The location of the settlement is known from cropmarks visible on aerial photographs and survives as seven ring ditches, five sub-rectangular enclosures, two rectangular enclosures and a long, narrow double ditched curvilinear enclosure with linear features. All the features on the site are located to the west and north of the narrow double ditched enclosure. The ring ditches are situated at the southern end of the site and the largest is approximately 30m in diameter. The five sub rectangular enclosures are up to 85m long and 30m wide, one of which has internal sub divisions. Two rectangular enclosures are located to the south and east. The largest is approximately 150m by 60m and has a ring ditch at its northern boundary. The double ditched curvilinear enclosure is orientated north to south and is approximately 300m long and 4m wide. The enclosure terminates at a ring ditch at its southern end. Several linear features are located within the site. Iron Age and Romano-British artefacts have been found on the site. A rectangular enclosure on a north-west/ south-east orientation has been identified as a cropmark (loosely interpreted as a cursus monument in some records) towards the south end of the monument. The west end of this enclosure has been truncated by the installation of three water main pipelines in the mid-C20 in the rear of residential gardens.

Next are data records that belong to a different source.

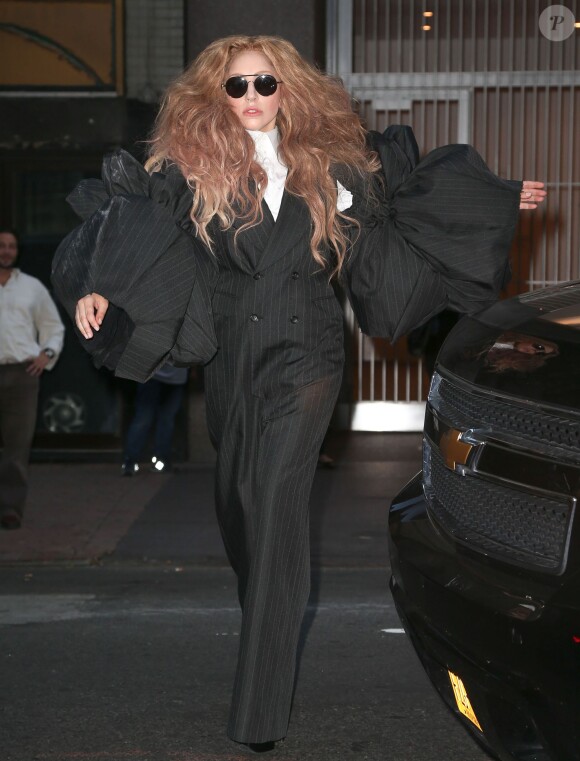 La superstar Lady GaGa lors de la première cérémonie des Fashion Media Awards, le 6 septembre 2013 à New York.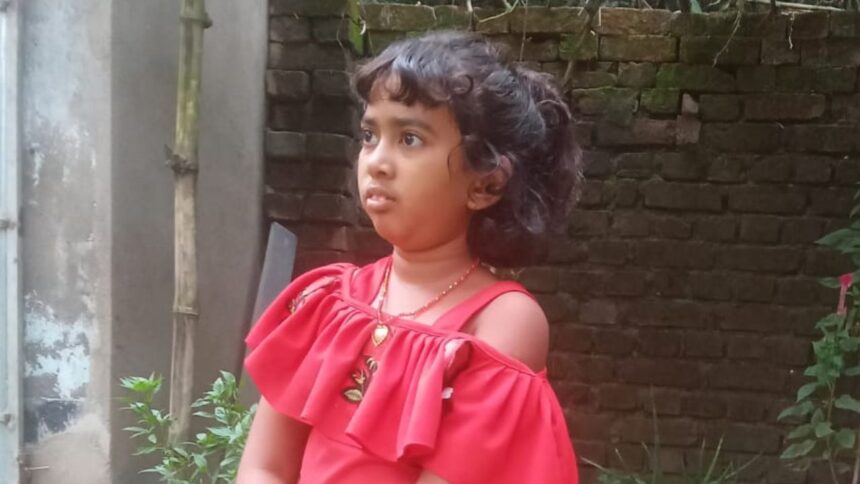 পশ্চিমবঙ্গে নির্বাচনের সময় বোমা বিস্ফোরিত হয়েছিল, 9 বছর বয়সী নাবালিকা মারা যায় ... এখন রাজনৈতিক হৈচৈ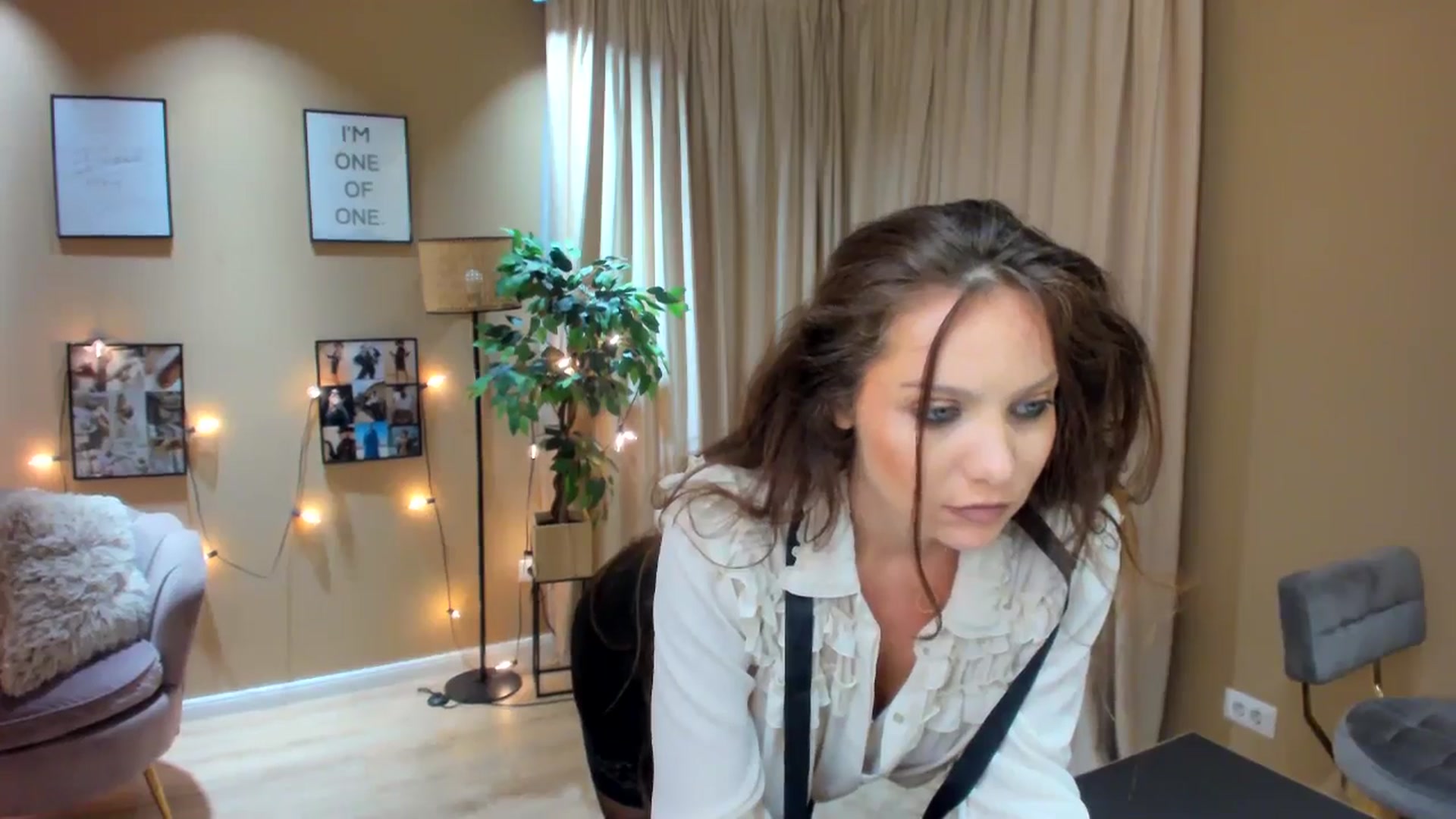 Gallery image thumbnail from SerenDYpity's myfreecams stream on, 04/22/2024, 23:13 image 16 of 20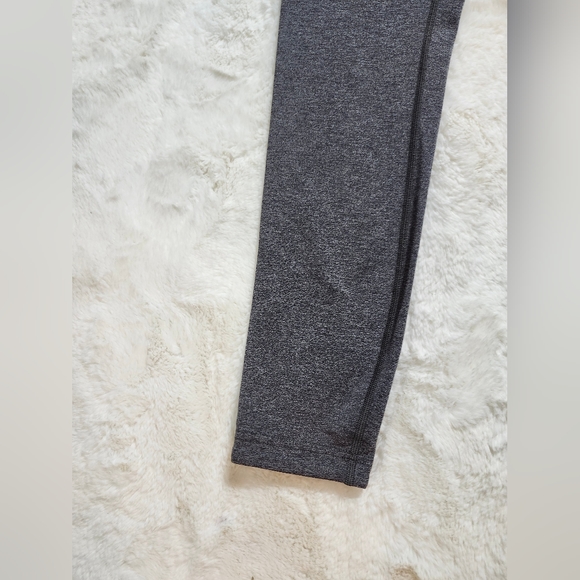 Lululemon Take A Hint 7/8 Tight *25". Size 6. - Picture 8 of 17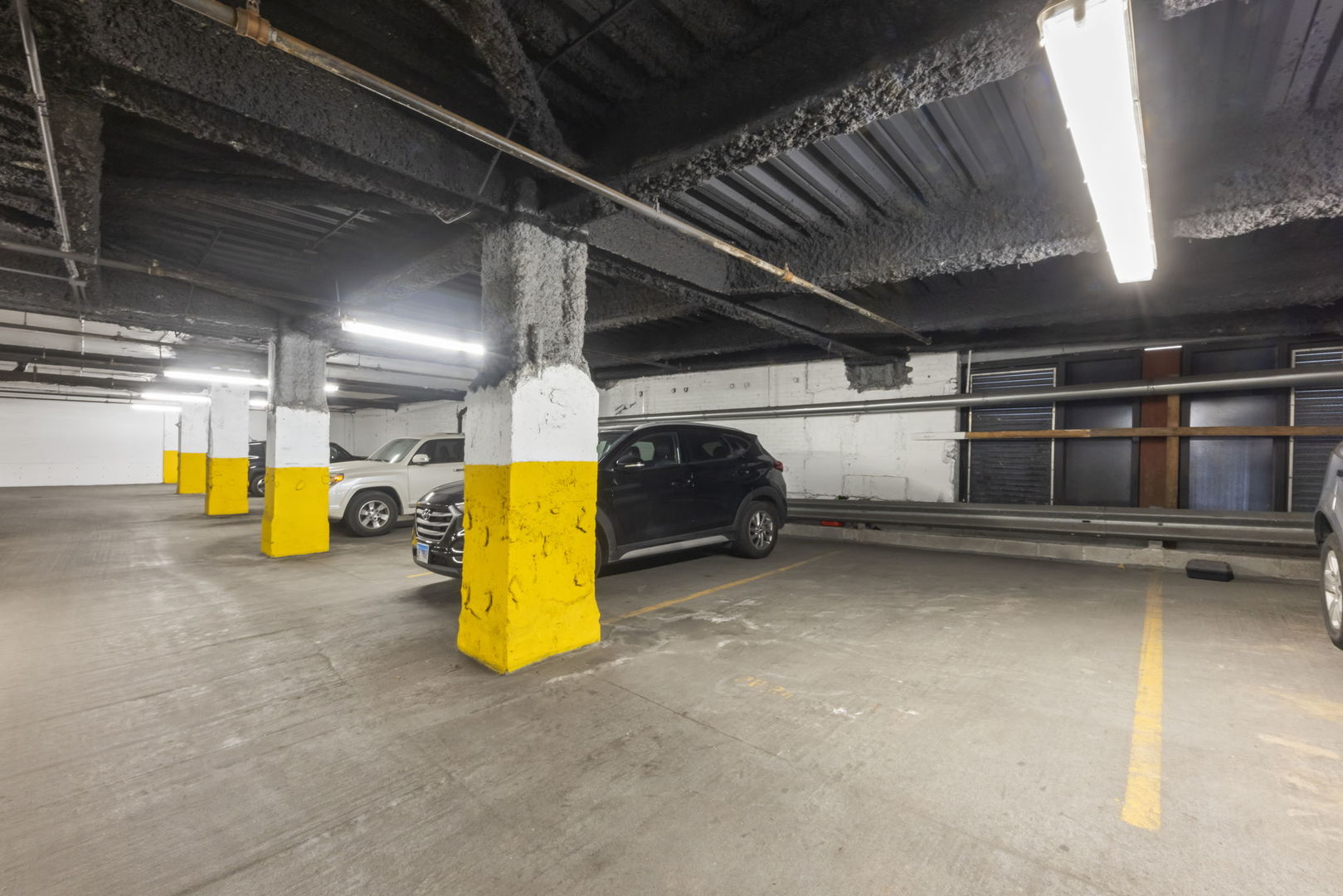 212 W Washington Avenue #1508, Chicago, IL 60606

Further enclosures and irregular pit features are to the north of the railway track. These include the pits uncovered in the pipeline excavation of 1985 at the north-east corner of the monument showed that two of the pits were square cut with vertical sides, 1.75m by 1m and 1.2m by 1m deep, only the larger of which had animal bone and possible Iron Age pottery in its grey loamy-sand fill. A v-shaped pit 1.1m wide by 45cm deep with no pottery and a U-shaped pit 60cm wide by 52cm deep with very badly decayed bone and pot were also recorded. A second U-shaped pit 56cm by 56cm had a large quantity of badly decayed Iron Age pottery, one third of which had disintegrated. Both post holes (50cm deep by 42-50cm wide) contained a sandy fill with occasional flecks of charcoal, but no finds. Excavation and evaluation (2007) in this area has confirmed earlier cropmark and excavation evidence as the site of settlement activity of probable Bronze Age and Iron Age date, along with evidence for Romano-British, medieval and post-medieval land use.
Further enclosures and archaeological features survive to the north, east and south east of the monument, but have not been formally assessed. The character and extent of survival has not been established.
All fencing and gates, boundary walls, concrete kerbs and the surfaces of all paths are excluded from the scheduling but the ground beneath these features is, however, included.